According to U.S. Census figures from 2000, Hispanics make up 17 percent of Colorado's population, 42 percent of New Mexico's population, and almost 20 percent of Nevada's population.
Getting their support and getting them to vote are not the same thing, and Obama has mobilized people like Torres in Pueblo to make sure they get to the polls.
"I go door to door, canvassing everyday, mostly to Hispanic people on the lower east side of town. Some of the homes I've gone into I wouldn't put my dog in," Torres told ABCNews.com. "This is what some people have come down to, living in hovels. American citizens shouldn't have to live this way and they're fired up. In this economy it doesn't take much to convince people they need to make a change."
Florida polls indicate that the two candidates are in a dead heat with the Democrat showing a slight 49 to 46 lead, according to the latest Time/CNN poll.
"The race is very, very close. Florida has a history of tight elections. 2000 wasn't a fluke," said Lance deHaven-Smith, professor of public administration and policy at Florida State University, referring to the dispute over "hanging chad" ballots that had to be decided by the Supreme Court.
"A small shift can make a huge difference, and it could very well come down to one group or another making the difference," deHaven-Smith said.

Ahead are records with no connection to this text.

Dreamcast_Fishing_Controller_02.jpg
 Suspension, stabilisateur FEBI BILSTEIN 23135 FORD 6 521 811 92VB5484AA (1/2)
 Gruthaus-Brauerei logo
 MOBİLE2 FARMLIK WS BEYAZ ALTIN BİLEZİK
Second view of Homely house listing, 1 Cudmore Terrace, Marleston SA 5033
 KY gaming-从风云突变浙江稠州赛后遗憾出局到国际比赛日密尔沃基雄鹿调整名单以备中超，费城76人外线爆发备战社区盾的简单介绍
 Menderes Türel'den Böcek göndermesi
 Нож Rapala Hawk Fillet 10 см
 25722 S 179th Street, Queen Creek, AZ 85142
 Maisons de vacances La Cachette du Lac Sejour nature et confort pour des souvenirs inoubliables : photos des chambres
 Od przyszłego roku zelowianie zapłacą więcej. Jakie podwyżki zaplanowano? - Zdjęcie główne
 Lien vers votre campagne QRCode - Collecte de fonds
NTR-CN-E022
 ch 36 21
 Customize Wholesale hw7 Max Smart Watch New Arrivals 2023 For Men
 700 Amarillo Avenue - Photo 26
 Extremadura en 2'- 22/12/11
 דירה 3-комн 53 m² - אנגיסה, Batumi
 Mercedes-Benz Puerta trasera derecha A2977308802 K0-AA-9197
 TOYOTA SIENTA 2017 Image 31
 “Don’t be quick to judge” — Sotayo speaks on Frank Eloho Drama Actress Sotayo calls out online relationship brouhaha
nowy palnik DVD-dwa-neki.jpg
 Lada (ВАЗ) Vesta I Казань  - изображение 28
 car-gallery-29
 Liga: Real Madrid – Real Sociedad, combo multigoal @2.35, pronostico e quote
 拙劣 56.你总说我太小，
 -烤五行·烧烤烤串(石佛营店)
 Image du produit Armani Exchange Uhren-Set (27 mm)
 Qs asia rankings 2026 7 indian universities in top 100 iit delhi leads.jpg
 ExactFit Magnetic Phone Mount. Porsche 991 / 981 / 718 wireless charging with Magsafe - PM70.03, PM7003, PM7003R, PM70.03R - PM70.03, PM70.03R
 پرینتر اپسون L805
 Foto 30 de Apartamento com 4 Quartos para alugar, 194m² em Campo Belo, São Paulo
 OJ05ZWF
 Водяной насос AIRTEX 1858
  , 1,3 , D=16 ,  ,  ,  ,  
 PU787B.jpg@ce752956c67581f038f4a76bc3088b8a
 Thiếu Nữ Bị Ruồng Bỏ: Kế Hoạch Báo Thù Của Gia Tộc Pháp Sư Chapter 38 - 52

Both campaigns are looking at the 833,000 Cuban-Americans and the 800,000 Jewish voters in Florida as the groups that could tilt the state in their favor.
DeHaven-Smith said he expected Jewish voters "not to deviate from the typical Democrat vote," but many Jewish-Americans in Florida say they remain undecided.
"I have always voted Democratic, but I have real reservations about Obama that have nothing to do with outlandish smears or his race," said Susan Cohen, 72, a retired New York City school teacher who moved to Florida in 2004 and is Jewish.
"I'm worried he is inexperienced, and I'm not entirely convinced he is as committed to Israel as his predecessors. But, I can't imagine voting for a pro-life candidate, and with my pension in the shape that it is, I don't know what do," she said. "It is not just me. A lot of the life-long and Jewish Democrats I know say the same thing."
DeHaven-Smith said Democrats are also targeting younger Cuban-Americans whose families have traditionally voted Republican.
"Cubans have always been the base for Republicans in Southeast Florida, but we're seeing a generational shift. Younger voters, many of them first-time voters, are moving away from the Republicans."
The growing population of non-Cuban Hispanics has also become a growing force in Florida.
"The state is clearly very much in play. Both candidates are focusing on central Florida -– Tampa and Orlando ... Orange County voted Republican in every election from 1948 to 2004, but then flipped because of an influx of Puerto Rican and Mexicans," deHaven-Smith said.
North Carolina presents another potential opportunity for the Democrats to harness minority voters and flip a state from red to blue.
The latest CNN/ Time poll puts Obama and McCain at a tie of 49 to 49, in North Carolina, a state that has voted Republican in every election since 1980.